This document describes the concepts, use cases, core strengths, and the architecture of ChaosBlade.
ChaosBlade is an open source chaos engineering project of Alibaba in 2019. It includes chaos engineering experimental tool chaosblade and chaos engineering platform chaosblade-box. It aims to help enterprises solve high-availability problems in the cloud-native process through chaos engineering. The experimental tool chaosblade supports 3 large system platforms, 4 programming language applications, involving more than 200 experimental scenarios and more than 3000 experimental parameters, which can finely control the scope of the experiment. The chaos engineering platform chaosblade-box supports the hosting of experimental tools. In addition to the hosted chaosblade, it also supports the Litmuschaos experimental tools. There are more than 40 registered companies, of which the ICBC, China Mobile, Xiaomi, JD.com and other companies have landed and used it.
ChaosBlade has the following core strengths:：
- Rich experimental scenarios: including basic resources (CPU, memory, network, disk, process, kernel, files, etc.), multilingual application services (Java, C++, NodeJS, Golang, etc.), Kubernetes platform (covering Container, Pod, Node resources) Scenes, including the above experimental scenes).
- Diversified execution methods: In addition to using the platform white screen operation, it can also be executed through the blade tool or kubectl or coding that comes with the tool.
- Convenient scenario expansion capability: All experimental scenarios follow the chaos experimental model implementation, and different levels of scenarios correspond to different actuators, which are simple to implement and easy to expand.
- Automated deployment of experimental tools: There is no need to manually deploy experimental tools, and the automatic deployment of experimental tools on the host or cluster is realized.
- Support for hosting of open source experimental tools: The platform can host mainstream experimental tools in the industry, such as its own chaosblade and external litmuschaos.
- Unified Chaos Experiment User Interface: Users do not need to care about the way of using different tools, and perform chaos experiments in the unified user interface.
- Multi-dimensional experiment method: Support experiment orchestration from the host to Kubernetes resources, and then to the application dimension.
- Integrated cloud native ecology: Helm deployment management, integrated Prometheus monitoring, support for cloud native experiment tool hosting, etc.
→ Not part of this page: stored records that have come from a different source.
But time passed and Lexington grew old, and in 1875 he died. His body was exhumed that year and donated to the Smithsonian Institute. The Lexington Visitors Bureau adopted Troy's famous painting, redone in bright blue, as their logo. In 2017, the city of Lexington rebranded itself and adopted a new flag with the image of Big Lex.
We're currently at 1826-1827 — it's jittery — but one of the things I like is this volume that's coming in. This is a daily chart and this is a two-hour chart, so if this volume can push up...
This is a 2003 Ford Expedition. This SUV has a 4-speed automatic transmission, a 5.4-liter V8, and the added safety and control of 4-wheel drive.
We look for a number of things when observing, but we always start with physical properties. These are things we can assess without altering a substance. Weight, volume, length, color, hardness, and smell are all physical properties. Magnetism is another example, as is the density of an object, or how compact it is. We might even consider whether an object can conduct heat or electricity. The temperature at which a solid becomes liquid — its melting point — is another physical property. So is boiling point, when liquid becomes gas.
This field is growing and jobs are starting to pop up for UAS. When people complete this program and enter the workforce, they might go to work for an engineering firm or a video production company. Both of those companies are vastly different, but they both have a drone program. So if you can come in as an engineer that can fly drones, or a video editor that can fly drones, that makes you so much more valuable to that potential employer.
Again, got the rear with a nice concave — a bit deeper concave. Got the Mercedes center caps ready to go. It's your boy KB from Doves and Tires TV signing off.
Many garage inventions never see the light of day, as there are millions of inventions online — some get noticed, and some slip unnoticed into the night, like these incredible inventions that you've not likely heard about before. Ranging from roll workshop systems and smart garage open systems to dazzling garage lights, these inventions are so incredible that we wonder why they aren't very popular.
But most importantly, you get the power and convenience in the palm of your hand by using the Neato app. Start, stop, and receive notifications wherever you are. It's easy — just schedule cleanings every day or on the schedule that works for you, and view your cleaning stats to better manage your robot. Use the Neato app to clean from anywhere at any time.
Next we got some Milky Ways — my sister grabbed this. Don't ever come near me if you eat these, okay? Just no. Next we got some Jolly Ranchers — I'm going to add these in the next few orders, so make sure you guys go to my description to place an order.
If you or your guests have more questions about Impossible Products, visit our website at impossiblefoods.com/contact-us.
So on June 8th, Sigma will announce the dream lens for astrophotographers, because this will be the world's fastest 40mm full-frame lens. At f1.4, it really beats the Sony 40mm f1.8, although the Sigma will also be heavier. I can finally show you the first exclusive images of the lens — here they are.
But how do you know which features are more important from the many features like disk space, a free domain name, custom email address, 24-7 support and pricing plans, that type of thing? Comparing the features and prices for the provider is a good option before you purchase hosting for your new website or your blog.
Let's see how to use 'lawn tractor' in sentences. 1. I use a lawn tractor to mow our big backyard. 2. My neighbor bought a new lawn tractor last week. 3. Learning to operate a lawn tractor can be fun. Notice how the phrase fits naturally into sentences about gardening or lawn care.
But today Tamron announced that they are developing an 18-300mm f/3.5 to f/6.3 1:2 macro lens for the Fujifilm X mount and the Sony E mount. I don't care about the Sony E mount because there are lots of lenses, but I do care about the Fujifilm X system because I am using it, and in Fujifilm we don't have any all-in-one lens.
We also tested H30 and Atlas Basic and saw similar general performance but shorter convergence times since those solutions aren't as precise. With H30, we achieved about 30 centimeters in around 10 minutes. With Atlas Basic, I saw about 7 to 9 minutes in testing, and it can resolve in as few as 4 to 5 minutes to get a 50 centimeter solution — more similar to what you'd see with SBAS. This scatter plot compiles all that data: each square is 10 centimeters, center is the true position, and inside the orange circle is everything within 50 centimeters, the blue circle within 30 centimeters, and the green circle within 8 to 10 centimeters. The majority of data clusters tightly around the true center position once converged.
ChaosBlade supports deployment and training in a variety of environments, including linux, docker, kubernetes clusters and various cloud vendor environments. ChaosBlade mainly includes the following components:
- ChaosBlade-Box Console：The ChaosBlade visualization component mainly provides a set of user-friendly Web interface, through which users can arrange and manage chaos engineering experiments.
- ChaosBlade-Box Server：The core logic component is mainly responsible for the management and arrangement of chaos engineering experiments, probe and application management. Including components, Chaos Engine: exercise engine, including process orchestration, security control, exercise report and other functions; Chaos Runner: exercise executor, compatible with a variety of execution tools; Chaos Experinece: exercise experience library, etc.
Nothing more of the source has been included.